We spent during the year ending March 31st, L2696
millions against L2198 millions in the previous year,
an increase of close upon L500 millions; L63 millions
of this increase were due to interest on war debt,
the rest of it was due to increased cost of the war,
and few business men will deny that very many of these
extra millions might have been saved if our rulers
and our bureaucratic tyrants had been imbued with
any real sense of the need for conserving the energy
of the nation.
Much has been done by the Committee
on National Expenditure to bring home to the Government
opportunities for economy, and methods by which it
can be secured. Can we be equally confident that
much has been done by the Government to carry out
the advice that has been given by this Committee?

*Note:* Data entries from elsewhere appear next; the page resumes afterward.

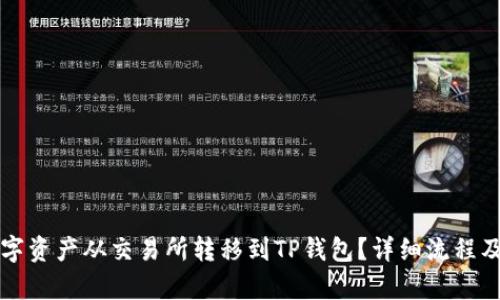 如何将数字资产从交易所转移到TP钱包？详细流程及价格解析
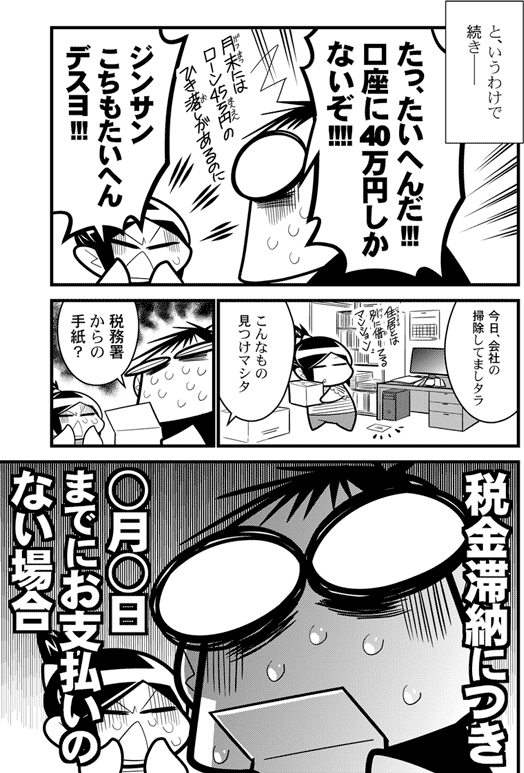 月サンは困っています0007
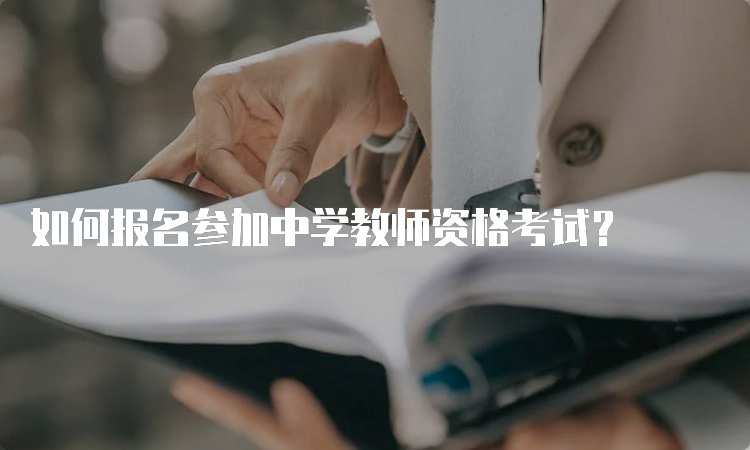 如何报名参加中学教师资格考试？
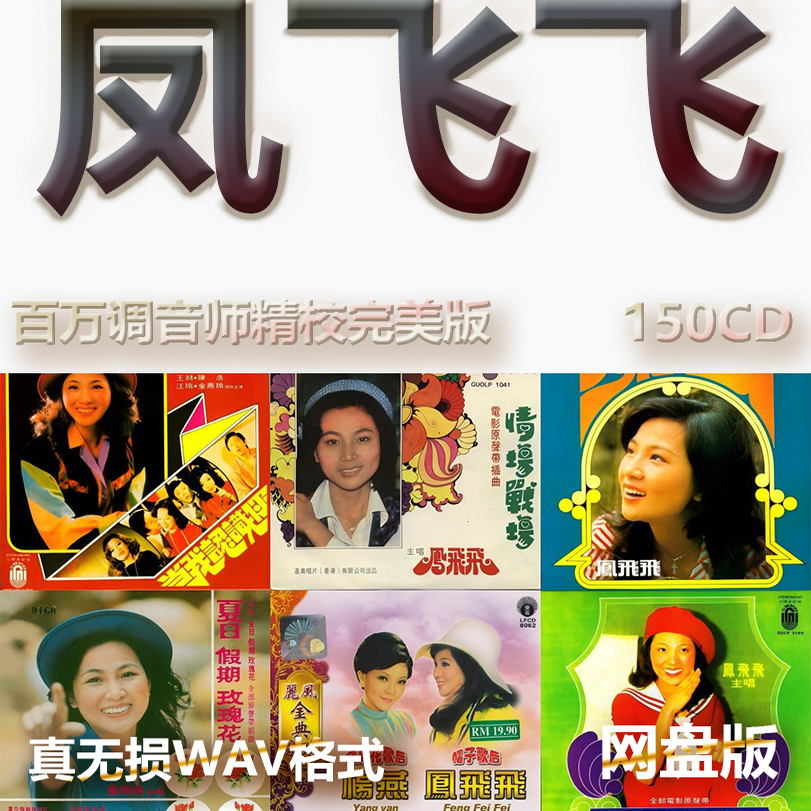 凤飞飞港台巨星明星WAV格式U盘网盘单曲中文分轨无损音质精校数播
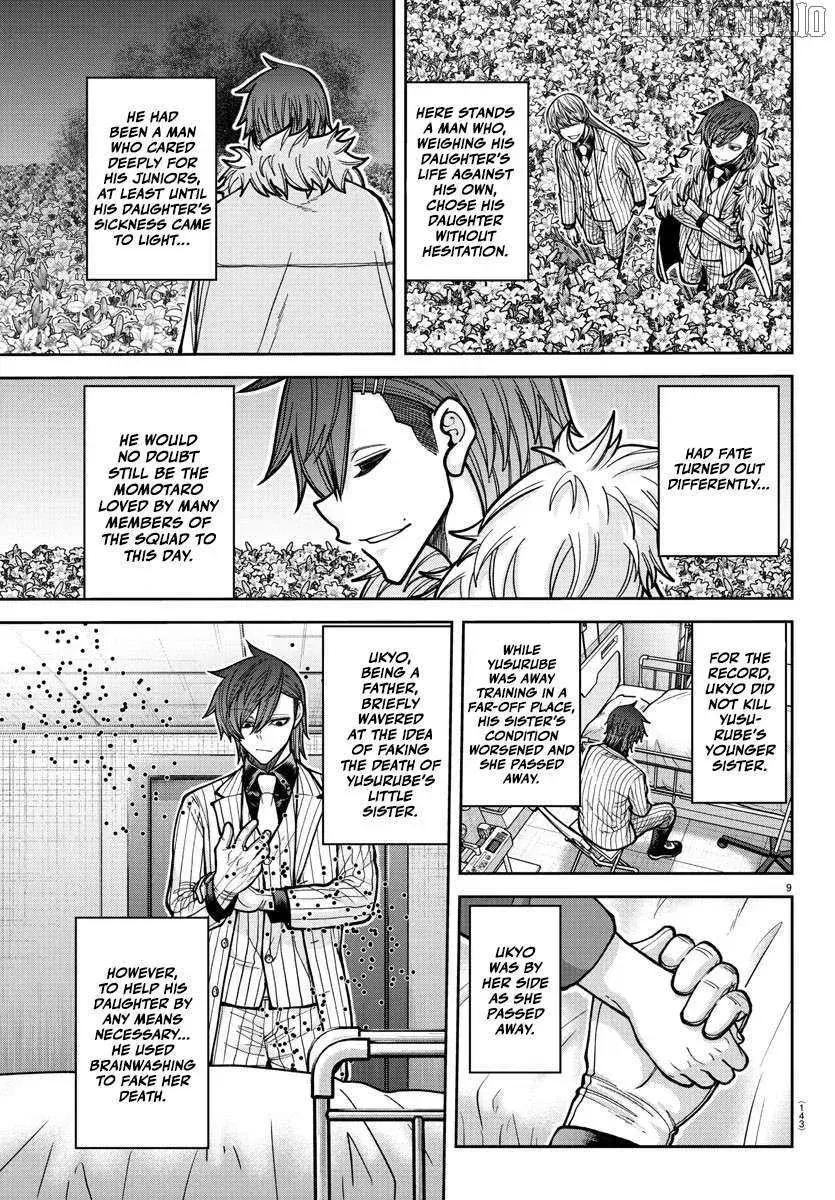 Tougen Anki, chapter 206, page 9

The Treasury is frequently blamed for its inability
to check the rapacity and extravagance of the spending
Departments. It is very likely that the Treasury
might have done more if it had not been led by its
own desire for a short-sighted economy into economising
on its own staff, the activity and efficiency of which
was so absolutely essential to the proper spending
of the nation’s money. But when this has
been admitted, the fact remains that the Treasury cannot,
or can only with great difficulty, be stronger on
the side of economy than the Chancellor of the Exchequer,
and that the task of the Chancellor of the Exchequer
of imposing economy on a spendthrift War Cabinet is
one of extreme difficulty. I hope it is not necessary
to say that I do not urge economy from any sordid
desire to save the nation’s money if, by its
spending, victory could be secured or brought a day
nearer. I only urge it because I believe that
the conservation of our resources is absolutely necessary
to maintain our staying power, and that these resources
are at present being scandalously wasted by the Government.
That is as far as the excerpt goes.